Di satu sisi, bonus demografi bisa menjadi keuntungan dengan populasi usia produktif yang tinggi. Namun, jika pemerintah gagal menciptakan lapangan kerja yang cukup, hal ini justru akan menimbulkan masalah sosial-ekonomi.
"Too few jobs for too many people," ujar Jokowi, menggambarkan ancaman yang nyata jika pasar tenaga kerja tidak mampu menyerap jumlah angkatan kerja yang terus meningkat.
Dalam menghadapi tantangan global, perlambatan ekonomi dunia menjadi salah satu hambatan utama. Bank Dunia memproyeksikan pertumbuhan ekonomi global hanya sebesar 2,7 persen pada 2023 dan sedikit membaik menjadi 2,7 persen pada 2024. Kondisi ini telah memaksa banyak negara untuk memperketat kebijakan moneter guna meredam inflasi, yang pada akhirnya menghambat pertumbuhan industri dan perdagangan internasional.
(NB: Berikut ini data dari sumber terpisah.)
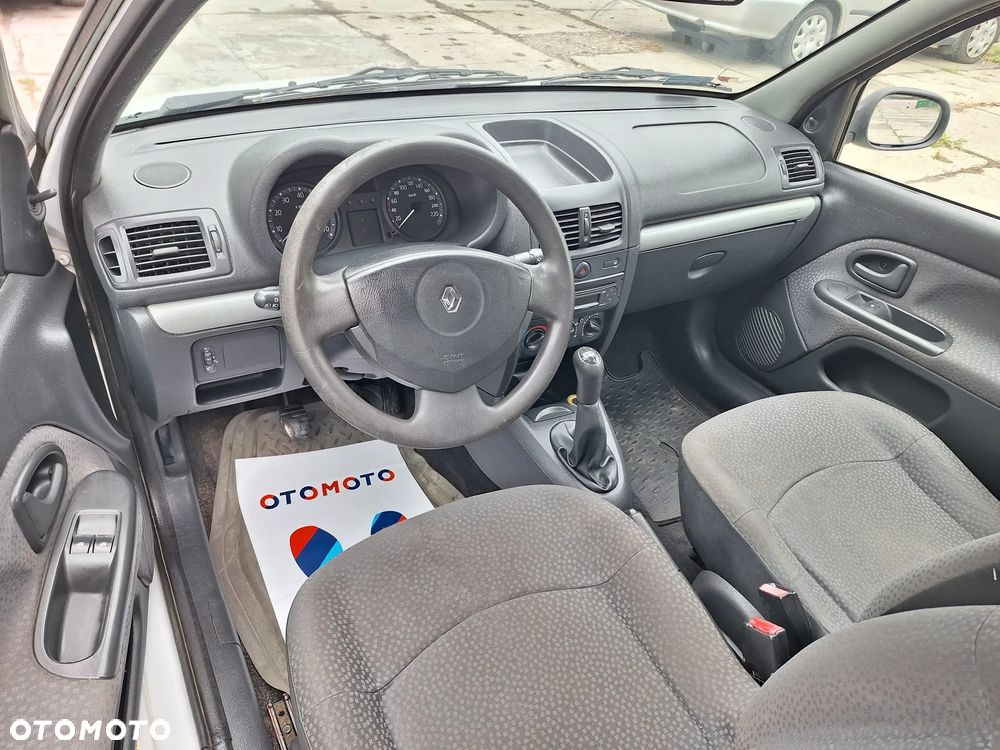 Renault Clio 1.5 dCi Campus - 8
BACA JUGA:Presiden Jokowi Ungkap 85 Juta Pekerjaan Bisa Hilang pada 2025, Apa Penyebabnya?
Tak hanya itu, tantangan dari segi teknologi juga semakin mengemuka. Otomasi yang semakin pesat, baik dalam bentuk kecerdasan buatan maupun sistem analitik, diperkirakan akan menghilangkan hingga 85 juta pekerjaan pada tahun 2025.
Ini menambah beban bagi Indonesia dalam menciptakan peluang kerja yang baru. Peningkatan tren gig economy, yang memungkinkan perusahaan lebih memilih pekerja paruh waktu demi mengurangi risiko ekonomi global, semakin memperkecil kesempatan kerja.
Dalam kongres tersebut, Ketua Umum ISEI Perry Warjiyo menyampaikan bahwa meskipun tantangan global semakin berat, koordinasi kebijakan moneter, fiskal, dan stabilitas makroekonomi Indonesia berhasil mencatatkan pertumbuhan sebesar 5,1 persen pada triwulan II tahun 2024.